ASX Clear has acknowledged that its liquid resources are insufficient to meet this standard under current arrangements, and ASX has recently consulted on a proposal to address this issue. ASX is proposing to amend the ASX Settlement Operating Rules to give effect to a set of transactions that enable the CCP to settle its payment obligations on the intended settlement date in the event of a participant default. This would occur through an arrangement with non-defaulting participants to which ASX Clear has payment obligations, such as the purchase of stock, to offset the underlying settlement obligations to and from those participants with a separate ‘offsetting transaction arrangement’ – also referred to as a stock repurchase arrangement. Under the first leg of the offsetting transaction arrangement ASX Clear would, in effect, re-deliver the stock to the relevant non-defaulting participant in return for payment equal to the amount of the payment obligation of ASX Clear to that participant. Under these arrangements, ASX Clear would agree to repurchase the stock the next business day under the final leg of the transaction.

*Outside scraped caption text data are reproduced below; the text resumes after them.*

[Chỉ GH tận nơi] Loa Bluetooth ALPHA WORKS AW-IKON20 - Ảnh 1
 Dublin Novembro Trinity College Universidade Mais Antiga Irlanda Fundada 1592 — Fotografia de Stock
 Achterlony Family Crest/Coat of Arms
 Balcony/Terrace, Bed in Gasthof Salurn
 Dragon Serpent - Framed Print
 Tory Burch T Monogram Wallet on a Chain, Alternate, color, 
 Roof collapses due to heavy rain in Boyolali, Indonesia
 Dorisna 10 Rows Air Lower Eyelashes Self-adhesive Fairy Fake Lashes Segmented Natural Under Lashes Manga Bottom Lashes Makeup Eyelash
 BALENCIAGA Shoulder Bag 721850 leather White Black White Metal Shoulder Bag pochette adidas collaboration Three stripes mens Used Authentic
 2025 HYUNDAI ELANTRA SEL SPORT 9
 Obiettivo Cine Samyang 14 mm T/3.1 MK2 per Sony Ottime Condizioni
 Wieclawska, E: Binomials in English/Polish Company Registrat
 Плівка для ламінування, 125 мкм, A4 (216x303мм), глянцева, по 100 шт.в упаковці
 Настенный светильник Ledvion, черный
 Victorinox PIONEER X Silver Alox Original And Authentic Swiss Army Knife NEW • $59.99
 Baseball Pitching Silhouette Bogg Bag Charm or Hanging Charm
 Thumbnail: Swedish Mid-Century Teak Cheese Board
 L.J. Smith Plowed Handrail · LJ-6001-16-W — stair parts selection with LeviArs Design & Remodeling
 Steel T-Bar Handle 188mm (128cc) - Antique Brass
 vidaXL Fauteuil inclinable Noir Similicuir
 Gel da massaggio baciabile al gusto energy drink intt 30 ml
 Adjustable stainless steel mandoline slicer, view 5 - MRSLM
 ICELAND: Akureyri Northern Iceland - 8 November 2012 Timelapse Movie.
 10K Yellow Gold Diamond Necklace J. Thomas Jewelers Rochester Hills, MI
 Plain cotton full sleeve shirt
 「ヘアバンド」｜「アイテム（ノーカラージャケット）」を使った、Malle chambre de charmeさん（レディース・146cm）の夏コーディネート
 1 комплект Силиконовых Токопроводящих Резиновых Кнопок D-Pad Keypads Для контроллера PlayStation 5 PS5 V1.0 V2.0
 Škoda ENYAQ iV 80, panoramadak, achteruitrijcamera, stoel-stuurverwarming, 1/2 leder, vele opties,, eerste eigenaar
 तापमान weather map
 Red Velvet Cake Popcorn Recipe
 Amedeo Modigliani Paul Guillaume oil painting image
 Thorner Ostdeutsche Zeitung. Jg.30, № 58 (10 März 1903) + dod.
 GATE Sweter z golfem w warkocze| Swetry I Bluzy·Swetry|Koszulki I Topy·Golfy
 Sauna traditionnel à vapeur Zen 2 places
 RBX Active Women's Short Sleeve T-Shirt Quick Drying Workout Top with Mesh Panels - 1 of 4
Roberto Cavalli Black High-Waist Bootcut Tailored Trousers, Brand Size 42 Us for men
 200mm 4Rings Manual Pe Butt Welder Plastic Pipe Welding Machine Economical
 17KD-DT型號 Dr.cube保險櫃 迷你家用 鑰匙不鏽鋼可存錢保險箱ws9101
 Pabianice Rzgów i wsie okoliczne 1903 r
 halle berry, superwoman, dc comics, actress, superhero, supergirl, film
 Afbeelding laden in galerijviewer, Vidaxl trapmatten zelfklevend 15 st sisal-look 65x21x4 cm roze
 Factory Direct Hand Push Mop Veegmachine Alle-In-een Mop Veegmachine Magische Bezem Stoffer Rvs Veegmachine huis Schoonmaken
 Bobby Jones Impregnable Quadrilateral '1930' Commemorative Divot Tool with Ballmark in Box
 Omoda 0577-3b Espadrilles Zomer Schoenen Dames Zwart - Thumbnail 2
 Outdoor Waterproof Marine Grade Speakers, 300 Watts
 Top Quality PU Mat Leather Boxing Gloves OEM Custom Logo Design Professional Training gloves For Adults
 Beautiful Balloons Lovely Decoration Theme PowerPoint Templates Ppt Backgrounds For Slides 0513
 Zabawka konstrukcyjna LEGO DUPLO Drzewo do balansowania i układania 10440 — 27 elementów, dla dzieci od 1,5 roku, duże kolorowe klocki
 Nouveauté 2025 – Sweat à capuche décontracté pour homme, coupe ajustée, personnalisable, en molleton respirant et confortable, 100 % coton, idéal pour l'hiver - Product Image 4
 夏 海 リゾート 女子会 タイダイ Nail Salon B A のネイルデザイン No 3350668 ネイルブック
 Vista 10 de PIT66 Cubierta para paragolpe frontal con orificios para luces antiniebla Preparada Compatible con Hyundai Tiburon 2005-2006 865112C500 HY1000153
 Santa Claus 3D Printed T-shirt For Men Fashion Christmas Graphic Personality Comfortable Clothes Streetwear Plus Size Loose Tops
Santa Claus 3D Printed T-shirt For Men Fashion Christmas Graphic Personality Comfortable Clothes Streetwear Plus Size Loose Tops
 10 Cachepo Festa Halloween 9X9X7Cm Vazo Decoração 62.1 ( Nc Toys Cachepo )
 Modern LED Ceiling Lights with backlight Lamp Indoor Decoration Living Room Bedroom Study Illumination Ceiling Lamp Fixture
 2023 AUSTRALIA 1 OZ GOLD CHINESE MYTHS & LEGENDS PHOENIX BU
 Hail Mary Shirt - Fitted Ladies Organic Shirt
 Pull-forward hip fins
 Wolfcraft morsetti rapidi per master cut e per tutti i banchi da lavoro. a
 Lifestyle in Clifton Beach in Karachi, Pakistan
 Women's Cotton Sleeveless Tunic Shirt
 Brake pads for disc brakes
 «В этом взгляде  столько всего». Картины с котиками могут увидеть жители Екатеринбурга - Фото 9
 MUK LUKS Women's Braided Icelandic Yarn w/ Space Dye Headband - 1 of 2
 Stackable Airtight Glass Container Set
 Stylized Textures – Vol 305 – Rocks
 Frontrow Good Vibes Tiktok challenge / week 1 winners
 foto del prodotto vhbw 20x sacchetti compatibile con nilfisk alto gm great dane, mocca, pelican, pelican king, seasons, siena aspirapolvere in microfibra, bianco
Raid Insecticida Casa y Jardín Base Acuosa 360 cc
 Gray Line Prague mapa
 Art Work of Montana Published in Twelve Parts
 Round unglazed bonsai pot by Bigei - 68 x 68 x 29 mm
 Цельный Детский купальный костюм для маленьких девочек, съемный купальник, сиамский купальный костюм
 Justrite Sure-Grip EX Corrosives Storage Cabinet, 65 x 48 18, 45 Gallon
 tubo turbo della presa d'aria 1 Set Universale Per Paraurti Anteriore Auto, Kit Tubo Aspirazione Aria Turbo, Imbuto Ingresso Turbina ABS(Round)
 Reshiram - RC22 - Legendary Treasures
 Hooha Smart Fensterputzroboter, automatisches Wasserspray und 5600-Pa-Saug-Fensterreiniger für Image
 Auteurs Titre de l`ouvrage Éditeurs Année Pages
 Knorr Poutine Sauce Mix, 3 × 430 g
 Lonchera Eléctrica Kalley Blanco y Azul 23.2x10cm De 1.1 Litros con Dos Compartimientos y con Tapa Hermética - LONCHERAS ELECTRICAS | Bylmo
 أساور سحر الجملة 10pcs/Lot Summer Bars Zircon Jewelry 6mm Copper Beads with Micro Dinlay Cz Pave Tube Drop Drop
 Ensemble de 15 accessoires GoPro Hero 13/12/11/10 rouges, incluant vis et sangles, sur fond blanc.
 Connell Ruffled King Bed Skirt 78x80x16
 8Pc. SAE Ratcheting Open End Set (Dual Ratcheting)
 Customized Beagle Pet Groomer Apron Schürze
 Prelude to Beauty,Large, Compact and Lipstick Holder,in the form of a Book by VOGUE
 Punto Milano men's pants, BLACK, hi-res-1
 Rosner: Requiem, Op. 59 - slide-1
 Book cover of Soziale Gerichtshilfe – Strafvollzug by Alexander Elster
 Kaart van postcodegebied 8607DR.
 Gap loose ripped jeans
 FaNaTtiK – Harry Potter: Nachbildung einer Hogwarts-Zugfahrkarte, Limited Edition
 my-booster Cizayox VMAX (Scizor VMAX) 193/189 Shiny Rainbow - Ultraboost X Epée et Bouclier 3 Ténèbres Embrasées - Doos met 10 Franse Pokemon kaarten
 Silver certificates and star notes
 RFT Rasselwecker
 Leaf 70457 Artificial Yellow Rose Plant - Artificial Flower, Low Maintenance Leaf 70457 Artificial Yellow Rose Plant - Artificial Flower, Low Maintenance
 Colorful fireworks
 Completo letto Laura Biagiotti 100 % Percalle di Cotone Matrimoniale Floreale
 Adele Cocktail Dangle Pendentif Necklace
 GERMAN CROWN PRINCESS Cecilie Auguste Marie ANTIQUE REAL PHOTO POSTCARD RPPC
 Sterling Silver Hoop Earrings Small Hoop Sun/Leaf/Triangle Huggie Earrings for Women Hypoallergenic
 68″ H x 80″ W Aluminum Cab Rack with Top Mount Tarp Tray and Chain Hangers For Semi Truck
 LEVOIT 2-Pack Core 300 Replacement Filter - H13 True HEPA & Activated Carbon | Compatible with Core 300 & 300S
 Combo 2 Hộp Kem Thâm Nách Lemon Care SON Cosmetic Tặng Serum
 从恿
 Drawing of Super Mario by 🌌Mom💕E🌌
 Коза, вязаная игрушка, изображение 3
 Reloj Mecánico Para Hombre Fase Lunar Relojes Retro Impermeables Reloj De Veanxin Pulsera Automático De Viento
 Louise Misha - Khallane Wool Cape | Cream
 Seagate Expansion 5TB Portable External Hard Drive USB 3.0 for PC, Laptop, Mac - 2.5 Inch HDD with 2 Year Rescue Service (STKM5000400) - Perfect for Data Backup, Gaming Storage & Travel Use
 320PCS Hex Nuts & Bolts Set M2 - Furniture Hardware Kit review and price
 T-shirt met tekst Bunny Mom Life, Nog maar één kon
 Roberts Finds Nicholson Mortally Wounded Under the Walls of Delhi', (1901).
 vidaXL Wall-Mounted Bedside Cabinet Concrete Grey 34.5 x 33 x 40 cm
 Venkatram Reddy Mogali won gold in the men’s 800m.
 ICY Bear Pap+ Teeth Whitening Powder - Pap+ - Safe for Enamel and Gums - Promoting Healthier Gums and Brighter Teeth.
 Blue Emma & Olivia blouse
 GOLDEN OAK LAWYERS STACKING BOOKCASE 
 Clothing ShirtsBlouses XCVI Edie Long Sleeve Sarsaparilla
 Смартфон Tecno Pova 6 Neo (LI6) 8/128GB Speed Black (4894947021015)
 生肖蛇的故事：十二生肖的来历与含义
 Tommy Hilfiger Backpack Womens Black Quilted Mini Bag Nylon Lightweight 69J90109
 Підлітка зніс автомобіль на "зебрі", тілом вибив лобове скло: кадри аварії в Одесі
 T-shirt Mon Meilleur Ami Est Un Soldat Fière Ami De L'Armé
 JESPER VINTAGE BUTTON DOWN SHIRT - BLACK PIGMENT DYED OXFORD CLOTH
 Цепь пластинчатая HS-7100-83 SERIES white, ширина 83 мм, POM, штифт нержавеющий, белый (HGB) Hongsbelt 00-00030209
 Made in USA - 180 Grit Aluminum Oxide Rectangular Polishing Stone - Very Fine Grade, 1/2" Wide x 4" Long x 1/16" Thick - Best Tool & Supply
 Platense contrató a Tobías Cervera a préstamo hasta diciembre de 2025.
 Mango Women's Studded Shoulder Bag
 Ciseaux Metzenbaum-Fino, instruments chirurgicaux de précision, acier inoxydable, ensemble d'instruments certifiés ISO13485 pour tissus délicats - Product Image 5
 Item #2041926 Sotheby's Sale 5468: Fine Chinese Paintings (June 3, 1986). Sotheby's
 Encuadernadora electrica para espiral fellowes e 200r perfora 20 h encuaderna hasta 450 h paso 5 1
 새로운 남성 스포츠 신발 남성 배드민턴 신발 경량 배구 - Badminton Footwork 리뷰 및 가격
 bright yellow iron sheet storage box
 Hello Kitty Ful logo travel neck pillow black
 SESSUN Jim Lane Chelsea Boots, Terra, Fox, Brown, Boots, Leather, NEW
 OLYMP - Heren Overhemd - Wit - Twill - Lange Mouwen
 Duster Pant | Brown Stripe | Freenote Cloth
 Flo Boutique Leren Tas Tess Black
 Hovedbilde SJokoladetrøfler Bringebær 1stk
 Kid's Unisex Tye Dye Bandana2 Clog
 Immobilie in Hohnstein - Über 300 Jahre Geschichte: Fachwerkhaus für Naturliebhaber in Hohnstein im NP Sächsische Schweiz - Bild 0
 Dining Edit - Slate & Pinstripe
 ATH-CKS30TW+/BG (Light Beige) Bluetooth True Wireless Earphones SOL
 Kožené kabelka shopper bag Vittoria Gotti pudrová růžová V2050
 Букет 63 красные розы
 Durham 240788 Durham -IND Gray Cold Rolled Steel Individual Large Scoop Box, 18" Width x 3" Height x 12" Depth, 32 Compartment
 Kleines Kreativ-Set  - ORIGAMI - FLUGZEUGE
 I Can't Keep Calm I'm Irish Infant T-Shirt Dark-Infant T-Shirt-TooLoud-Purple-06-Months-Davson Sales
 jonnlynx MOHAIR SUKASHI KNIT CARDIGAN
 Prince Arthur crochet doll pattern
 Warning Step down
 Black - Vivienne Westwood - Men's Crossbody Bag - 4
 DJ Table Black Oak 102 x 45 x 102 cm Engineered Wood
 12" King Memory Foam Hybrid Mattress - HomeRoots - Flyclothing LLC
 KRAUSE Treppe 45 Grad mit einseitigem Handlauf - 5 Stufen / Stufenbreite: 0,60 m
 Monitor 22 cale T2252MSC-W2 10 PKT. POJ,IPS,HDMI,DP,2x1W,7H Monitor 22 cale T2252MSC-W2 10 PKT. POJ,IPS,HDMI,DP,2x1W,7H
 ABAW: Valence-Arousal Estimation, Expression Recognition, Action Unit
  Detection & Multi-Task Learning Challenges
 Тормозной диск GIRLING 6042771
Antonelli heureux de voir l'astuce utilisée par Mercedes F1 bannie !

If this transaction was unable to be settled on the next business day, subsequent offsetting transactions would be entered into on a daily basis until the settlement of on-market close-out trades took place.

Under the proposed solution, in the event of a participant default, ASX Clear would use the existing $300 million of available financial resources prior to executing offsetting repurchase transactions with non-defaulting participants.

7.4 For the purpose of meeting its minimum liquid resource requirement, a central counterparty's qualifying liquid resources in each currency include cash at the central bank of issue and at creditworthy commercial banks, committed lines of credit, committed foreign exchange swaps and committed repos, as well as highly marketable collateral held in custody and investments that are readily available and convertible into cash with prearranged and highly reliable funding arrangements, even in extreme but plausible market conditions. If a central counterparty has access to routine credit at the central bank of issue, the central counterparty may count such access as part of the minimum requirement to the extent it has collateral that is eligible for pledging to (or for conducting other appropriate forms of transactions with) the relevant central bank. All such resources should be available when needed.

ASXCC holds an ESA at the Bank to facilitate money settlements on behalf of ASX Clear (and ASX Clear (Futures)) (see CCP Standard 7.7). As an ESA holder, ASXCC is eligible for access to Australian dollar liquidity under the Bank's overnight and intraday liquidity facilities (against eligible collateral within its investment portfolio), including in times of market stress.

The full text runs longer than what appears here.